- Data to process

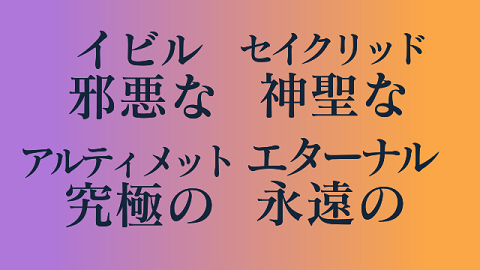 邪悪な イビル 厨二っぽいかっこいい英語の形容詞 80語 創作に使えるかもしれない用語集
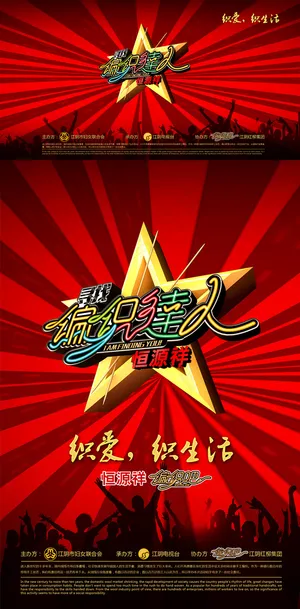 织达人手工编织比赛活动海报PSD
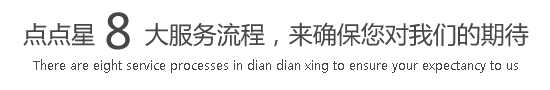 国产操逼免费看!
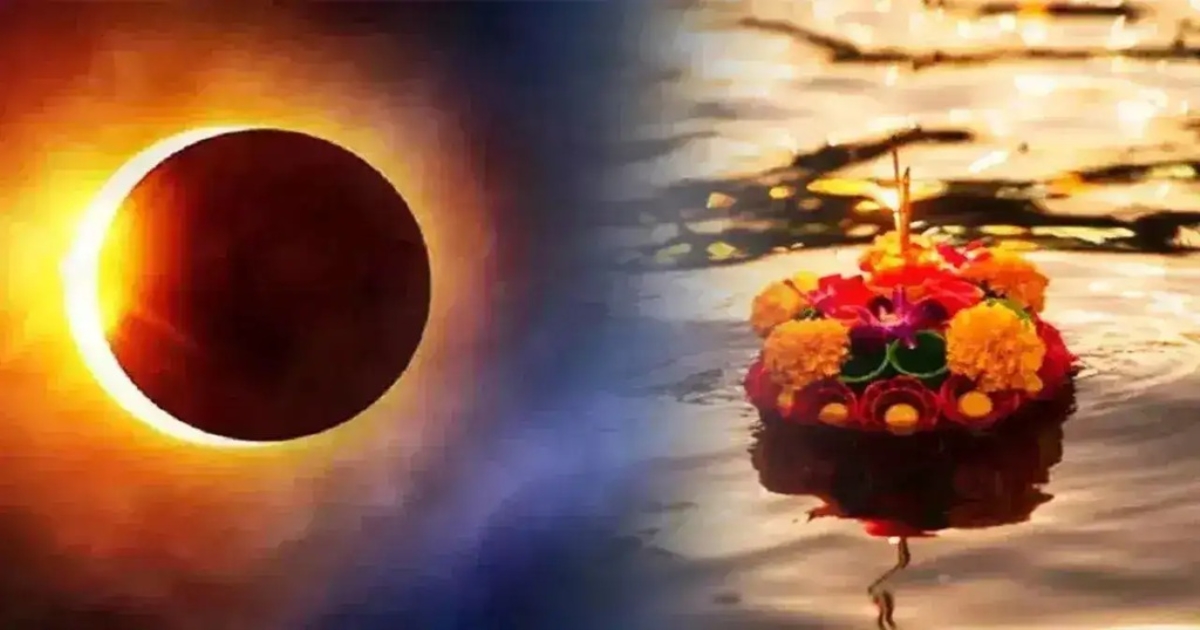 Amavasya April 2026 Perform These Rituals Before Evening for Blessings and Peace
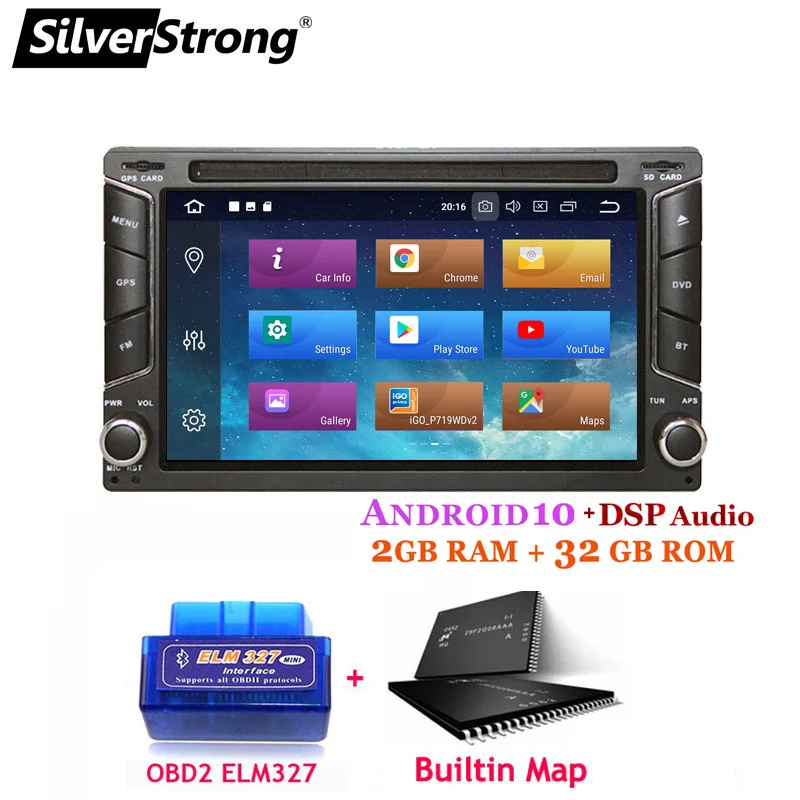 Автомобильный радиоприемник SilverStrong android 10 0 2Din DSP DVD 32G универсальный стерео
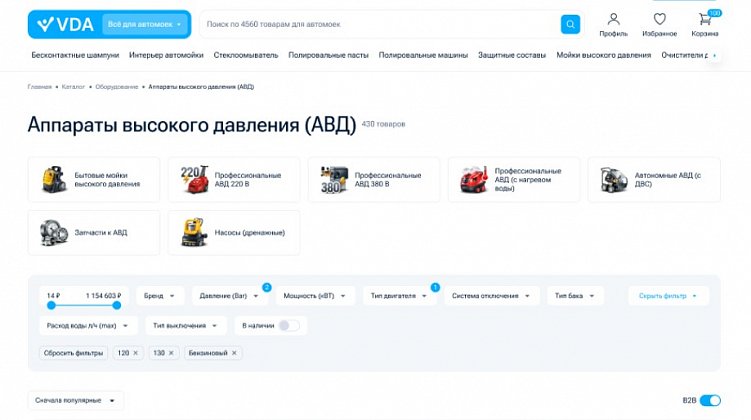 Как создать каталог товаров на сайте: структура и основные элементы товарного каталога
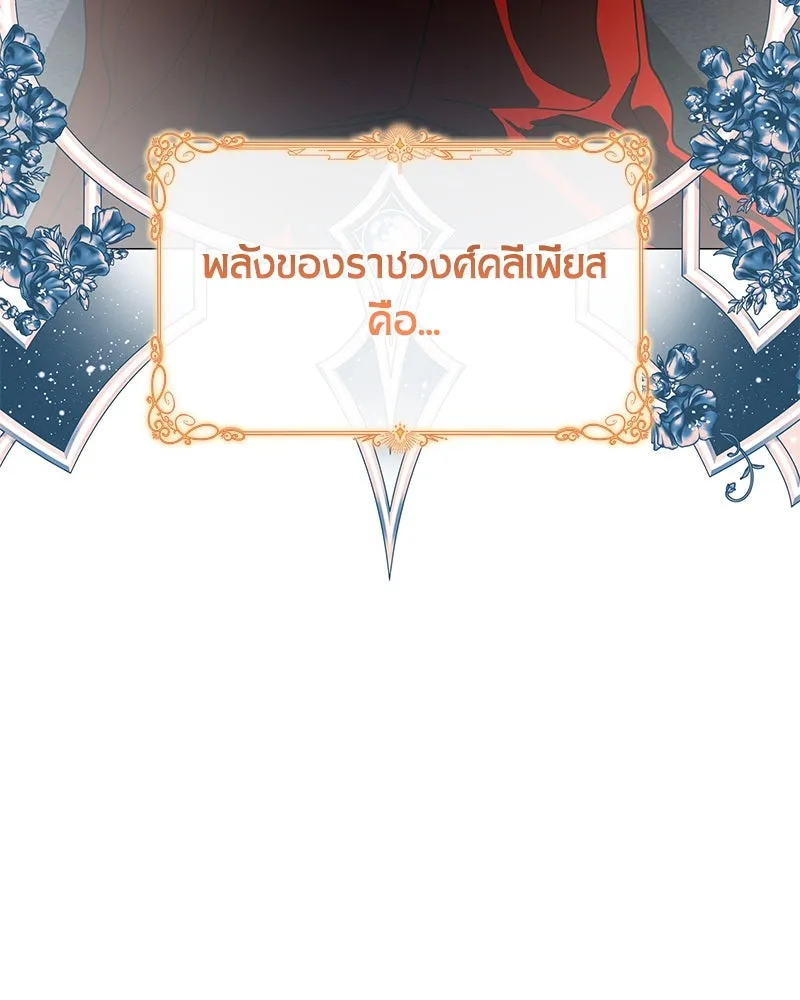 กำราบรักร้ายนายจอมพยศ ตอนที่ 30 รูปที่ 97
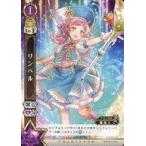 中古白猫プロジェクトTCG B07-071/120[C]：リンベル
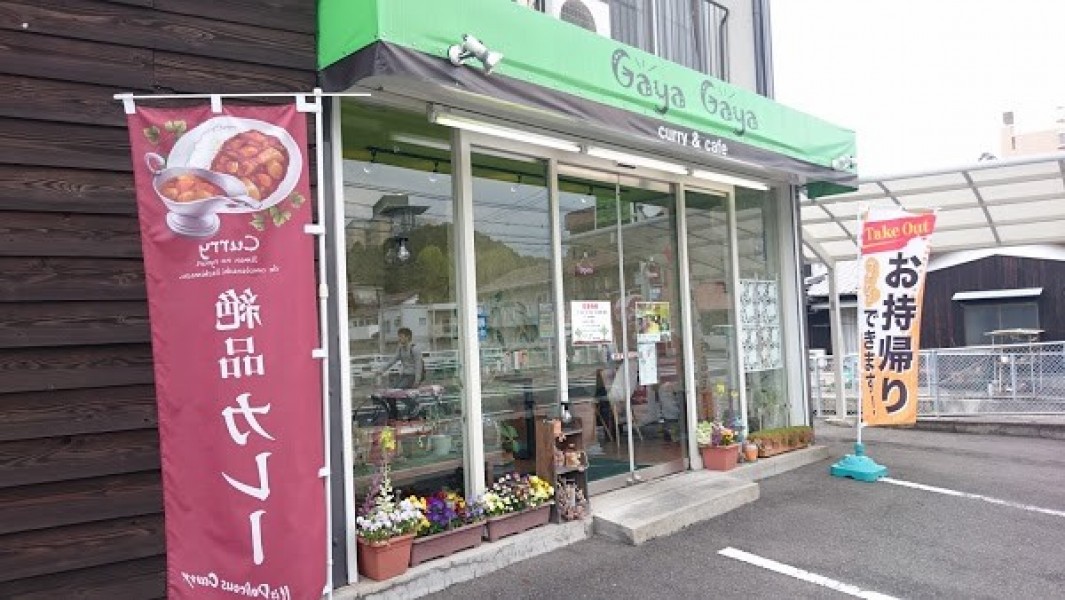 Gaya Gaya カレーのお店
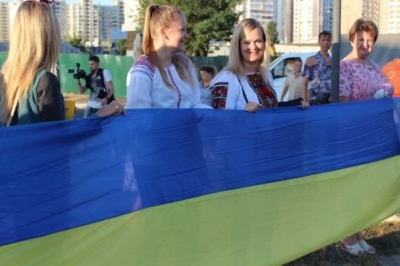 У Києві розгорнули найдовший прапор України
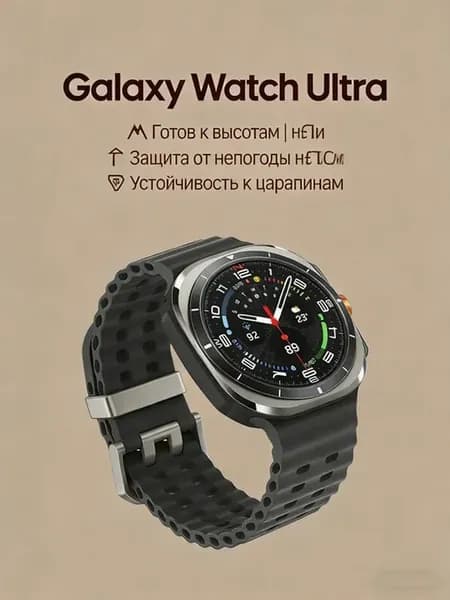Смарт часы Galaxy Watch Ultra компактность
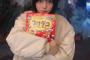 SKE48小畑優奈からお誘いｷﾀ━━━━━━(ﾟ∀ﾟ)━━━━━━ !!!!!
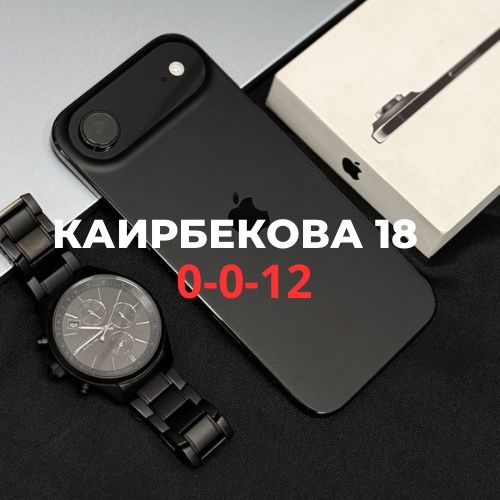 Iphone Air (256gb) | BaiTime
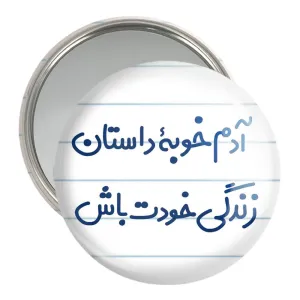 آینه جیبی آدم خوبه داستان خودت باش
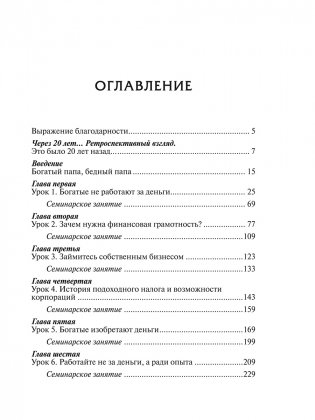 Богатый папа, бедный папа фото книги 2
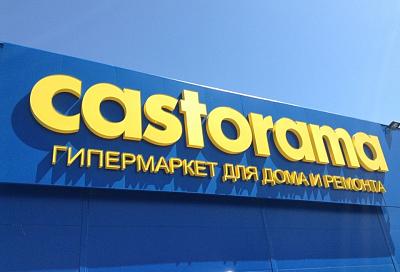 В Краснодаре закроется гипермаркет Castorama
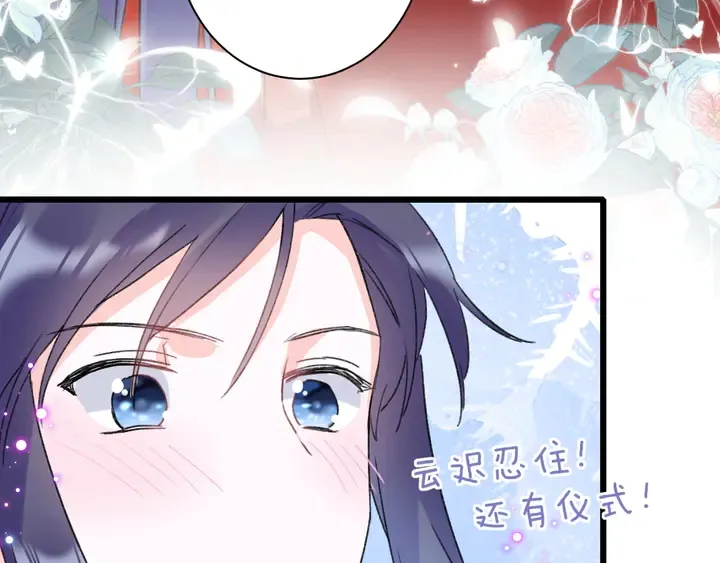 第13话 洞房花烛 第7页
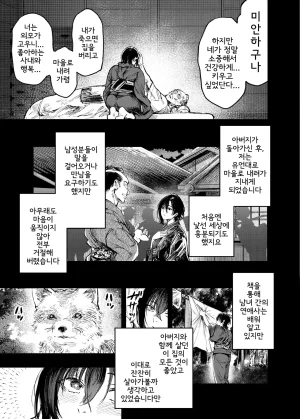 Umemoto Seisaku Iinkai Sakayama Shinta Yama no Onna 산의 여인 Korean - Page 50
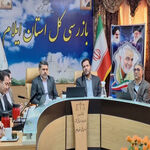 رئیس‌کل دادگستری ایلام: نظارت‌های ظاهری نمی‌تواند مانع تعرض به حقوق عمومی شود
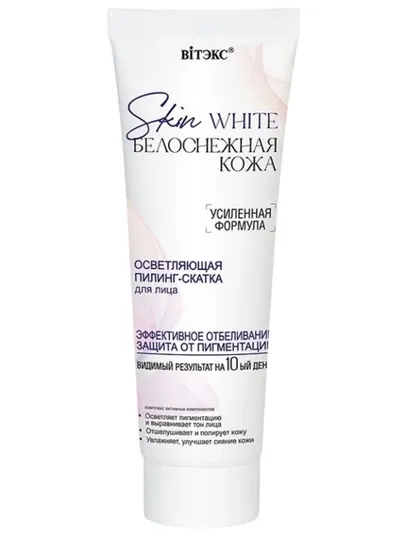 Пилинг-скатка для лица SKIN WHITE БЕЛОСНЕЖНАЯ КОЖА осветляющая, 75 мл, Витэкс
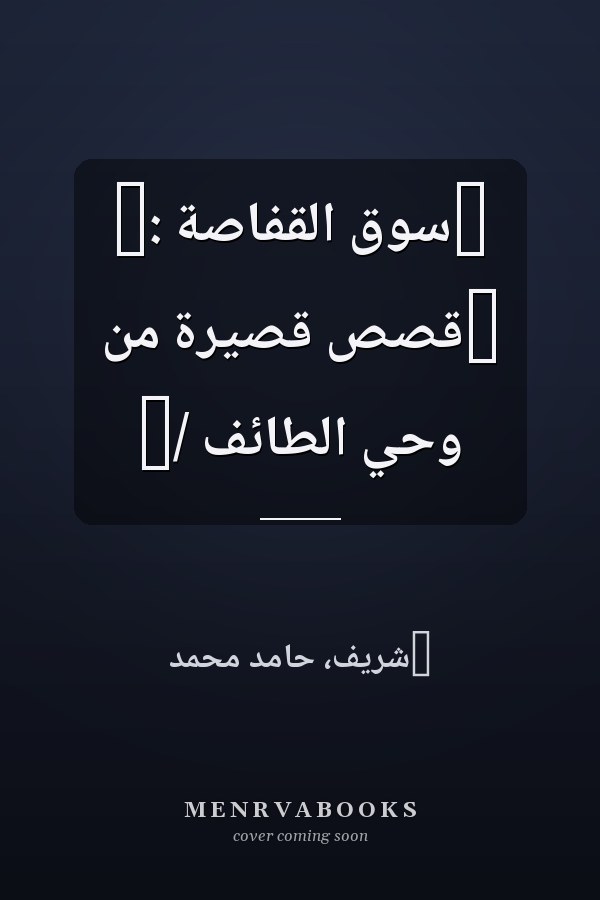 ‏سوق القفاصة :‏ ‏قصص قصيرة من وحي الطائف /‏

- Work to complete
Transcribe only the lines from the one holding "У Києві розгорнули найдовший прапор України" through the last line of the listing above, inclusive, and do not include the pictures.

- Response to the exercise
 У Києві розгорнули найдовший прапор України
Смарт часы Galaxy Watch Ultra компактность
 SKE48小畑優奈からお誘いｷﾀ━━━━━━(ﾟ∀ﾟ)━━━━━━ !!!!!
 Iphone Air (256gb) | BaiTime
 آینه جیبی آدم خوبه داستان خودت باش
 Богатый папа, бедный папа фото книги 2
 В Краснодаре закроется гипермаркет Castorama
 第13话 洞房花烛 第7页
 Umemoto Seisaku Iinkai Sakayama Shinta Yama no Onna 산의 여인 Korean - Page 50
 رئیس‌کل دادگستری ایلام: نظارت‌های ظاهری نمی‌تواند مانع تعرض به حقوق عمومی شود
 Пилинг-скатка для лица SKIN WHITE БЕЛОСНЕЖНАЯ КОЖА осветляющая, 75 мл, Витэкс
 ‏سوق القفاصة :‏ ‏قصص قصيرة من وحي الطائف /‏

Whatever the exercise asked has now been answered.